# Data provided:
►

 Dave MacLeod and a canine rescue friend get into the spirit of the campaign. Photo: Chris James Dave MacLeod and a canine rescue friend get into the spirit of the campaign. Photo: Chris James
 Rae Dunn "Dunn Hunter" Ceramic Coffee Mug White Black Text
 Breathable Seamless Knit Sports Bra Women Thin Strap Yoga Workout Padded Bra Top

◄
►

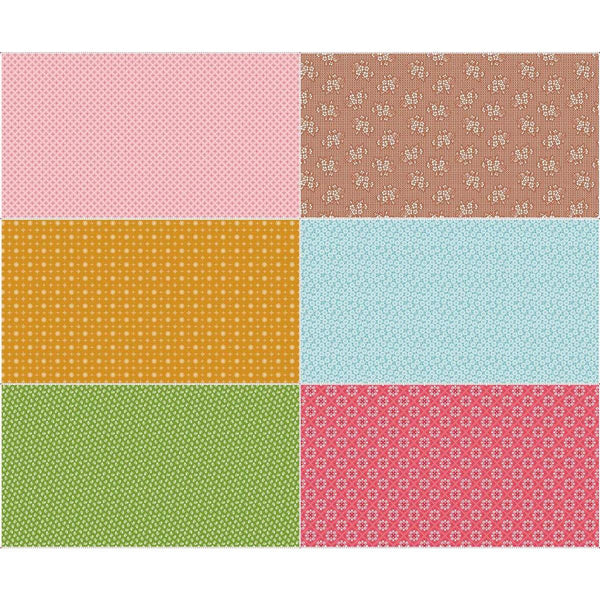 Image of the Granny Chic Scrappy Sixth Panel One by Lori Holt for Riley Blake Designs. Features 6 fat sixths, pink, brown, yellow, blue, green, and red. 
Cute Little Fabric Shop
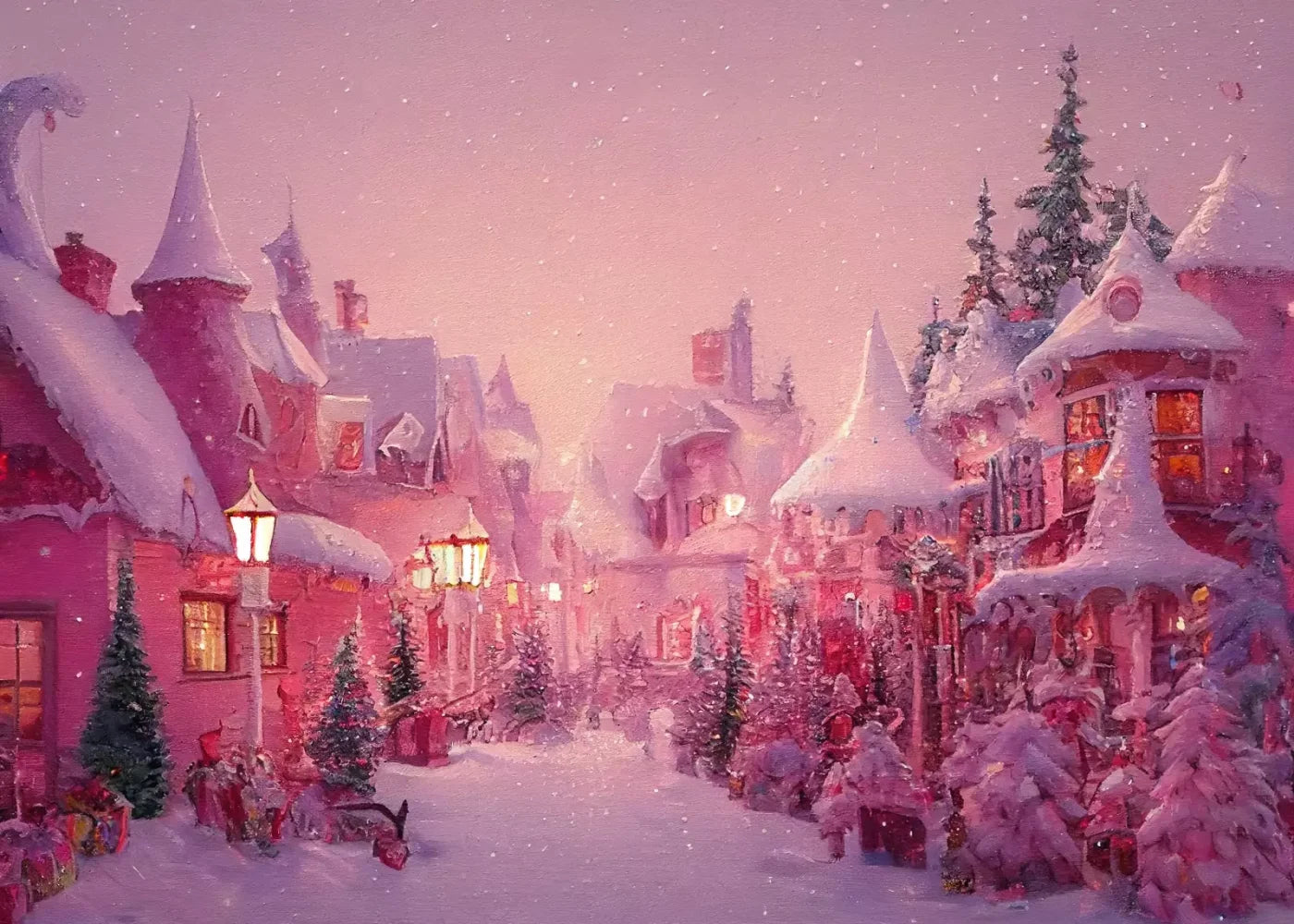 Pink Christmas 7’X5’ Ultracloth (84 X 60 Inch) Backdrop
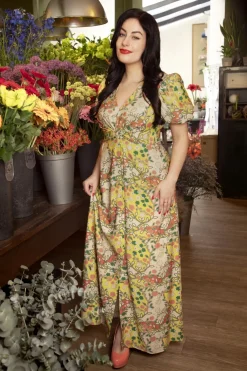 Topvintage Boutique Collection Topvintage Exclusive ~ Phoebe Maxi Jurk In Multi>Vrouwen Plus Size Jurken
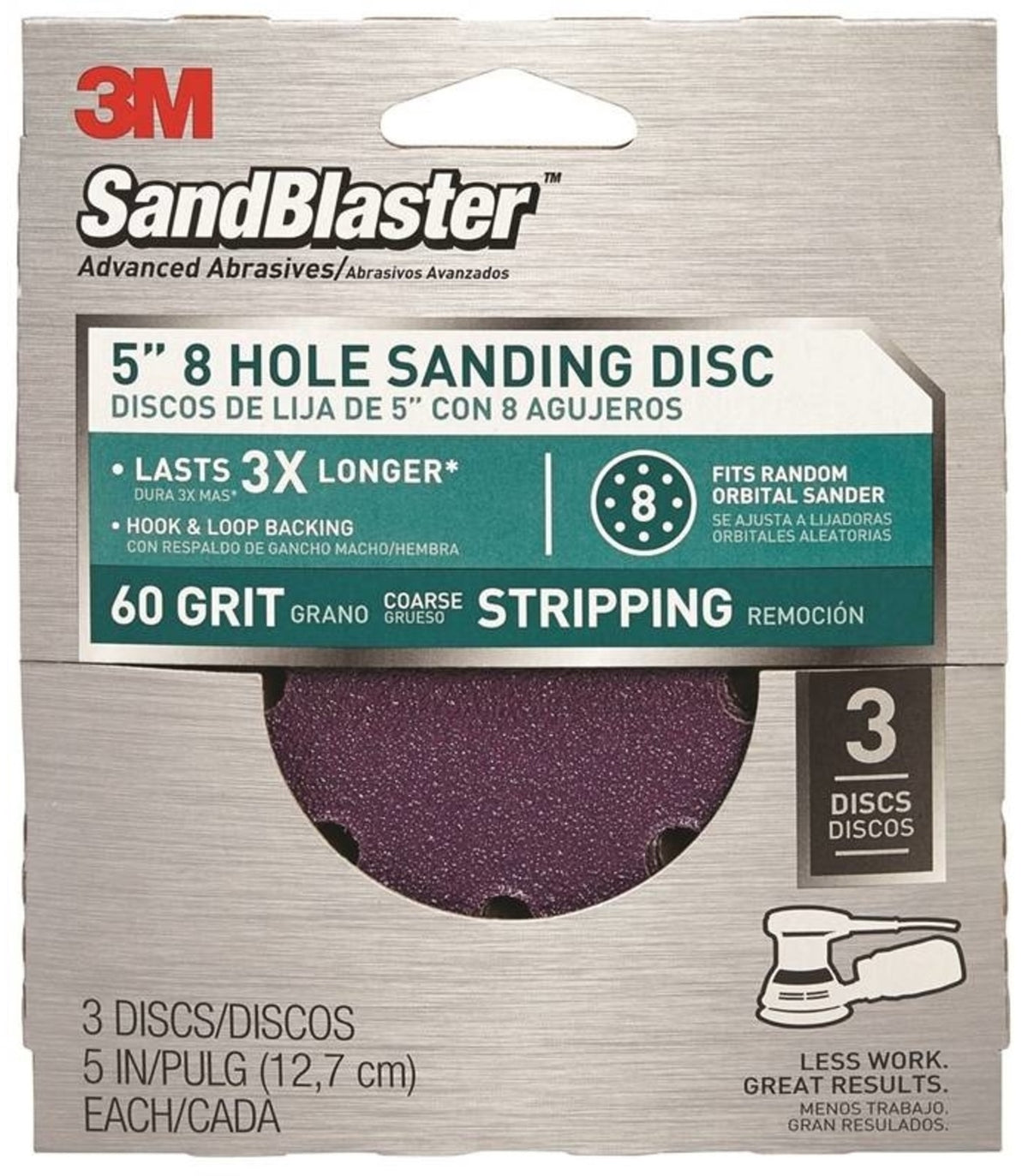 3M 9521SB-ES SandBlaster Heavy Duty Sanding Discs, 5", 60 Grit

◄
►

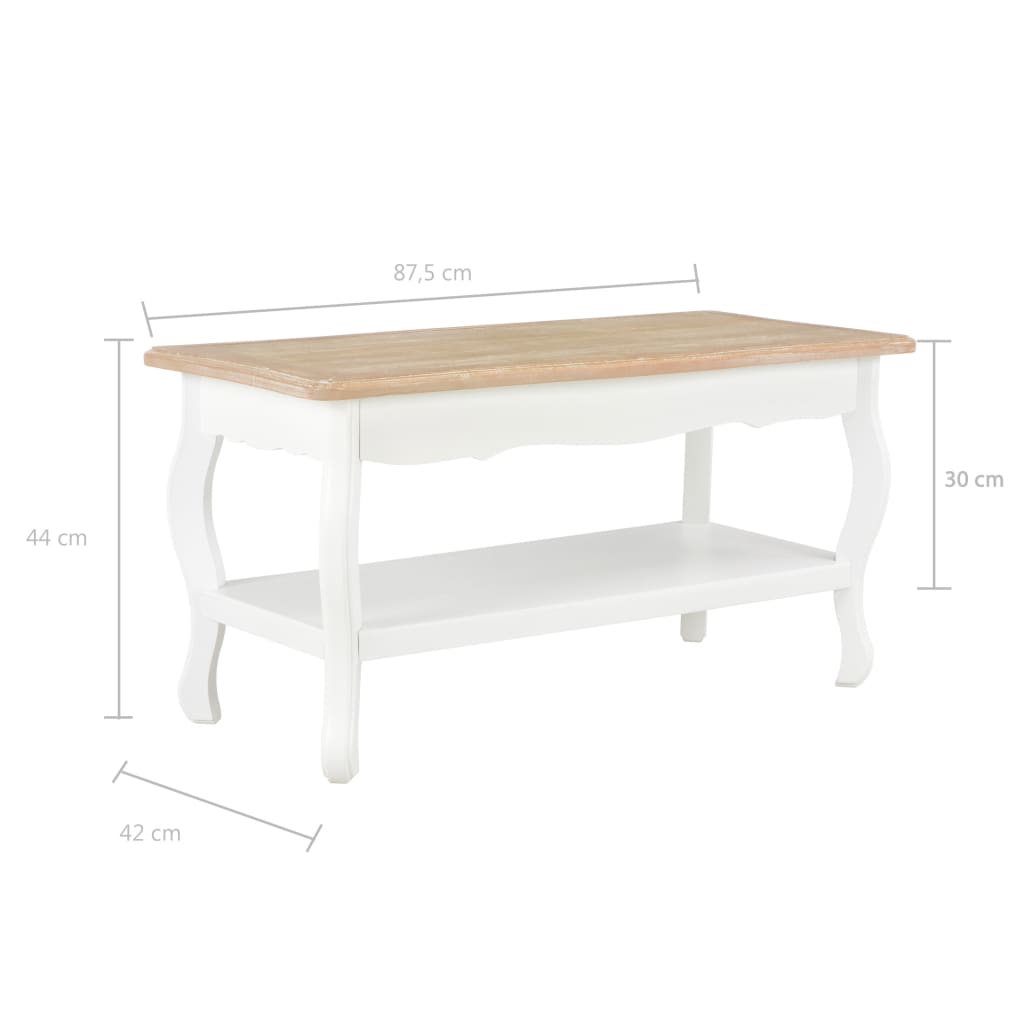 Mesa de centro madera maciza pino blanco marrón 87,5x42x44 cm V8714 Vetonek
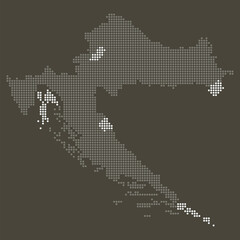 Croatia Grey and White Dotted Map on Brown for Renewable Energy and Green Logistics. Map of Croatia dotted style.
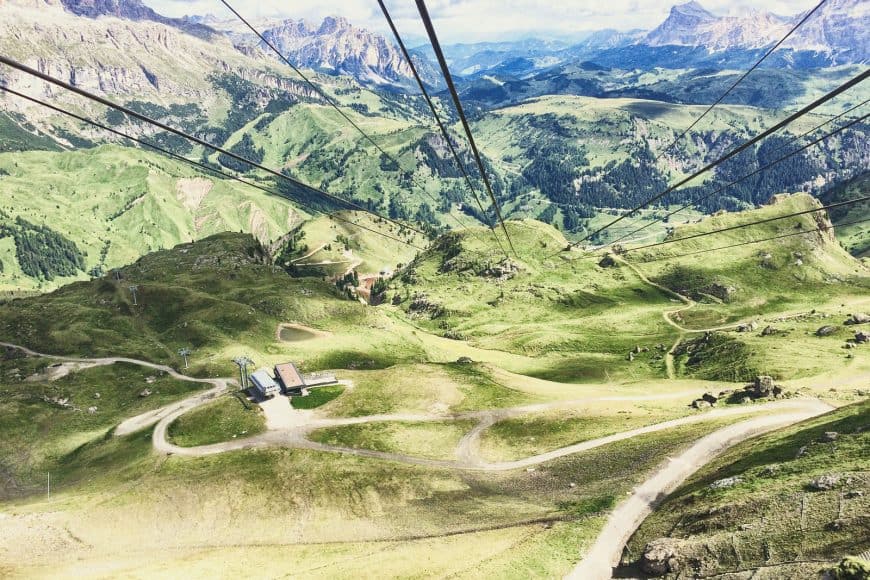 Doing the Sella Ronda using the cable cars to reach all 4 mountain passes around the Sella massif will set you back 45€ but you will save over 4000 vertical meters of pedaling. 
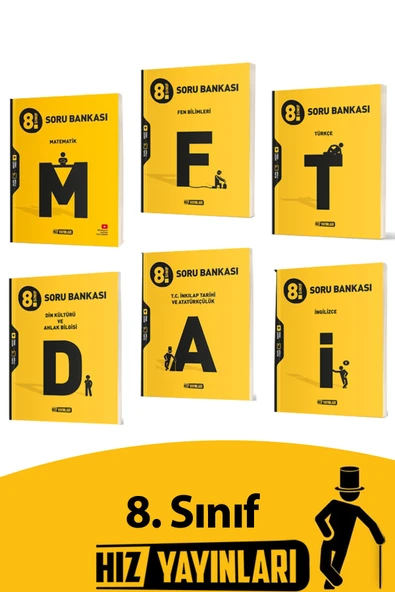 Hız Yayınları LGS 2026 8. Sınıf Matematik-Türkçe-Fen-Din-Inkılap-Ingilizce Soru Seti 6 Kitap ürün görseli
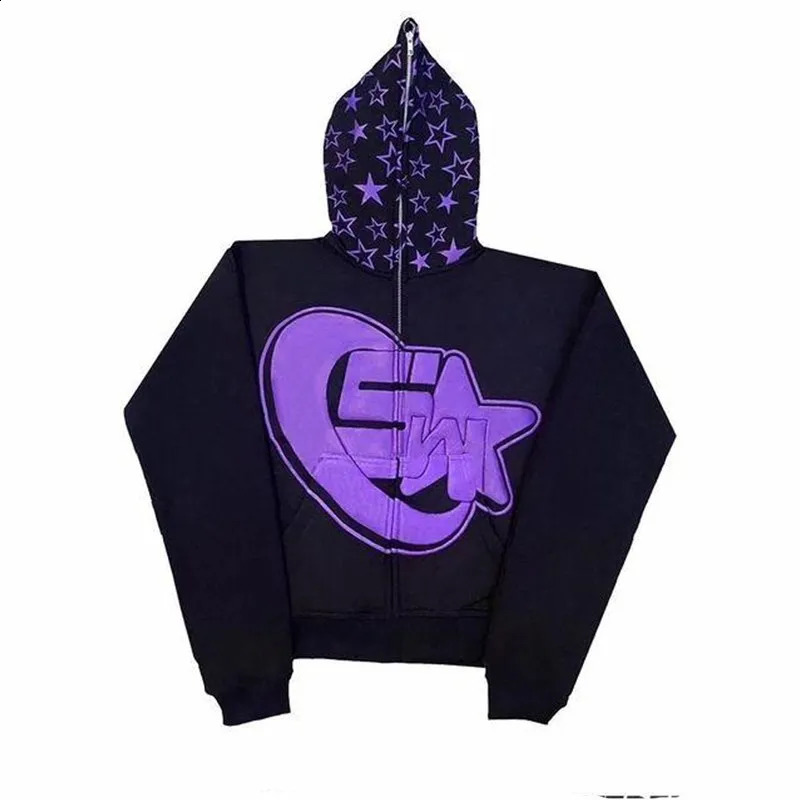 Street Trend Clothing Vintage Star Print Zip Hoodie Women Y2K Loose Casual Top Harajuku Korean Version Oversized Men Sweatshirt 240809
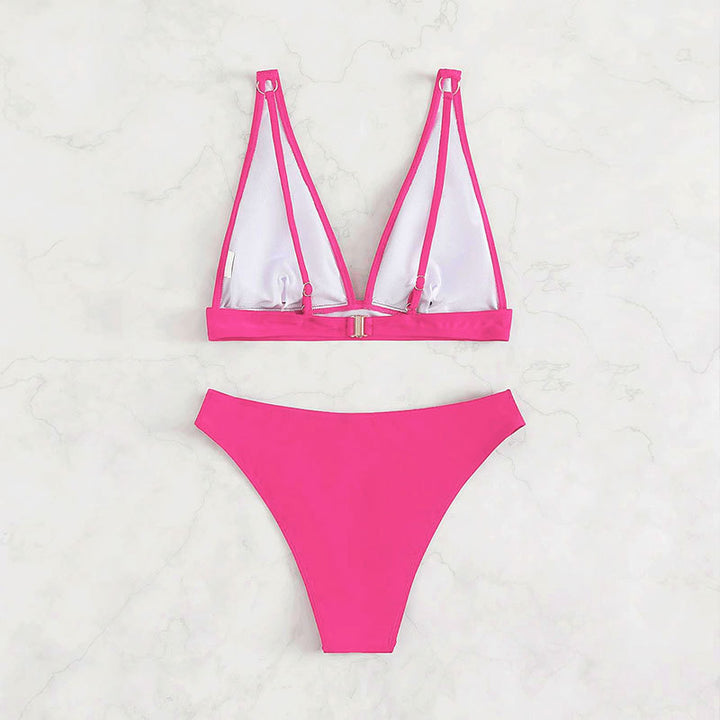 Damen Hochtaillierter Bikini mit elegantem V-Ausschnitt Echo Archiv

◄

# Work instructions:
Using the data above, print only the lines starting at the one with "Doing the Sella" and ending at the one with "Damen Hochtaillierter Bikini", exactly as they stand, minus the pictures.

# Answer for this exercise:
 Doing the Sella Ronda using the cable cars to reach all 4 mountain passes around the Sella massif will set you back 45€ but you will save over 4000 vertical meters of pedaling. 
 Hız Yayınları LGS 2026 8. Sınıf Matematik-Türkçe-Fen-Din-Inkılap-Ingilizce Soru Seti 6 Kitap ürün görseli
 Street Trend Clothing Vintage Star Print Zip Hoodie Women Y2K Loose Casual Top Harajuku Korean Version Oversized Men Sweatshirt 240809
 Damen Hochtaillierter Bikini mit elegantem V-Ausschnitt Echo Archiv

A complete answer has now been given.